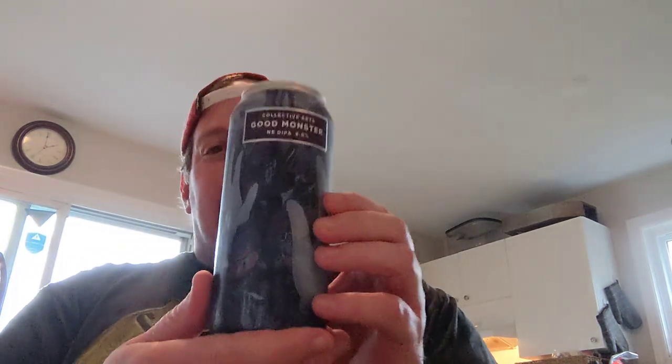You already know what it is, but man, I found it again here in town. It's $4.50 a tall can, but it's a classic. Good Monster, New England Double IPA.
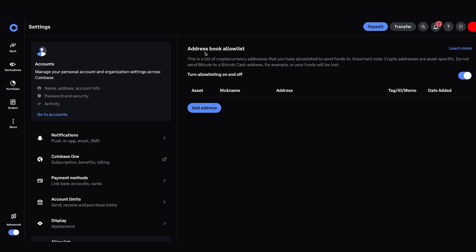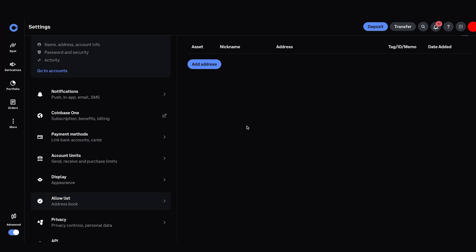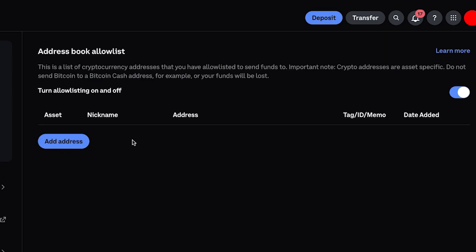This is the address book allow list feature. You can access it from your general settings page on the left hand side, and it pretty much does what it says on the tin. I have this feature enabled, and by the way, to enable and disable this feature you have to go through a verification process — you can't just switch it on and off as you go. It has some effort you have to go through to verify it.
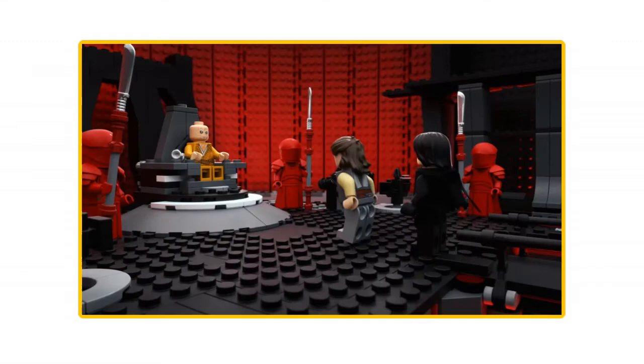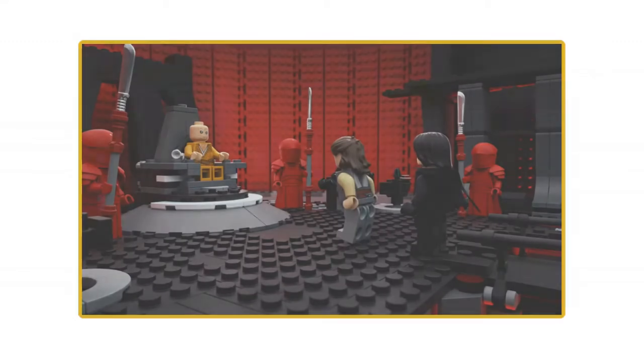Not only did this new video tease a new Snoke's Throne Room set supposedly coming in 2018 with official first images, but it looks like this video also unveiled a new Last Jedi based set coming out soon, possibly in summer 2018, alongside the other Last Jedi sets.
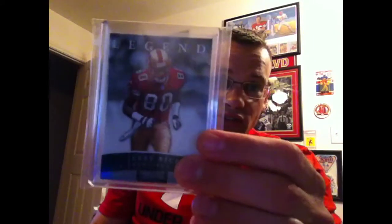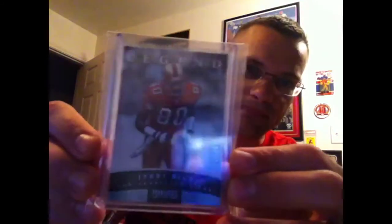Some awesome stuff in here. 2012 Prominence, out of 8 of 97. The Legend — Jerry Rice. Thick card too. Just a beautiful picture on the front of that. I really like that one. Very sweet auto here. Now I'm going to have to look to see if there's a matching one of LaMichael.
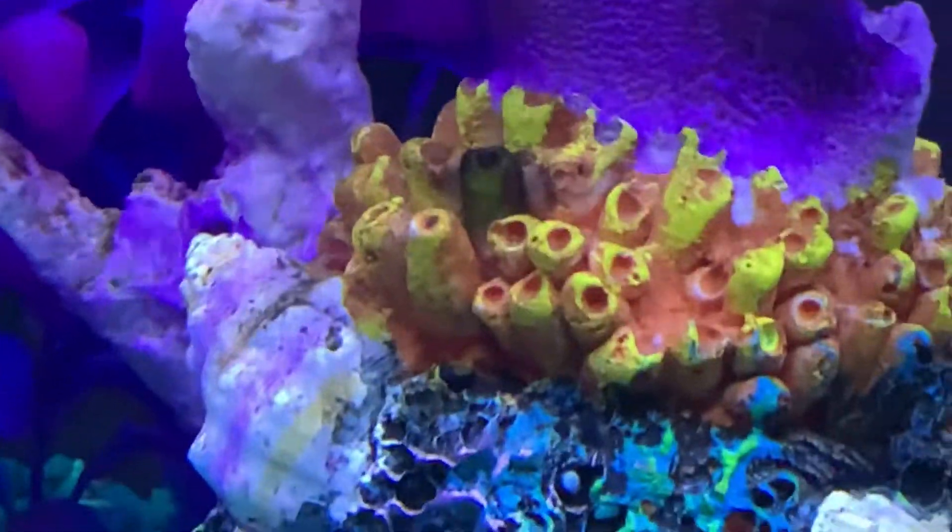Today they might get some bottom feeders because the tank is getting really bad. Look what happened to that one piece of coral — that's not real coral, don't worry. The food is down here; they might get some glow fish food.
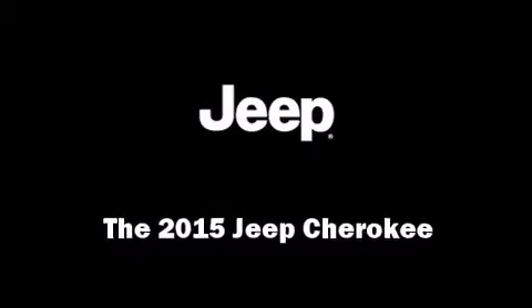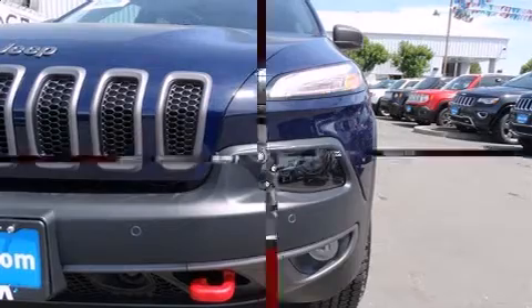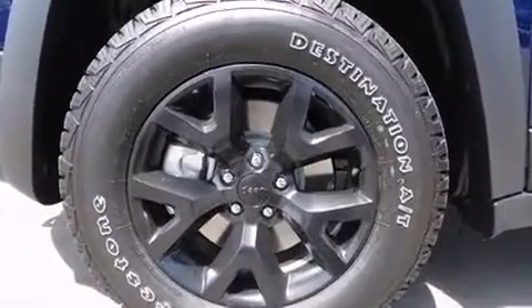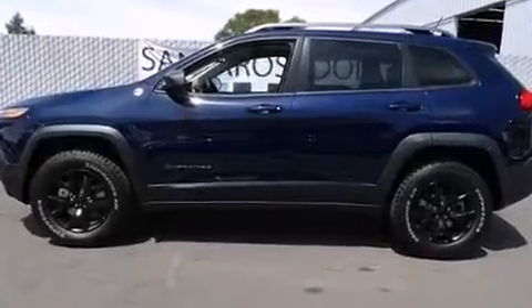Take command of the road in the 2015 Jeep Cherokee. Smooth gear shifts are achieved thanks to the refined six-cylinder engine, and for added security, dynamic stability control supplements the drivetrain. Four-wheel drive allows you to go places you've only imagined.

========================================

Work task> Copy nothing outside the span: please output the lines from the one with "Some awesome stuff" through the end of the entries above, and skip the pictures.

Result of this exercise>
Some awesome stuff in here. 2012 Prominence, out of 8 of 97. The Legend — Jerry Rice. Thick card too. Just a beautiful picture on the front of that. I really like that one. Very sweet auto here. Now I'm going to have to look to see if there's a matching one of LaMichael.
Today they might get some bottom feeders because the tank is getting really bad. Look what happened to that one piece of coral — that's not real coral, don't worry. The food is down here; they might get some glow fish food.
Take command of the road in the 2015 Jeep Cherokee. Smooth gear shifts are achieved thanks to the refined six-cylinder engine, and for added security, dynamic stability control supplements the drivetrain. Four-wheel drive allows you to go places you've only imagined.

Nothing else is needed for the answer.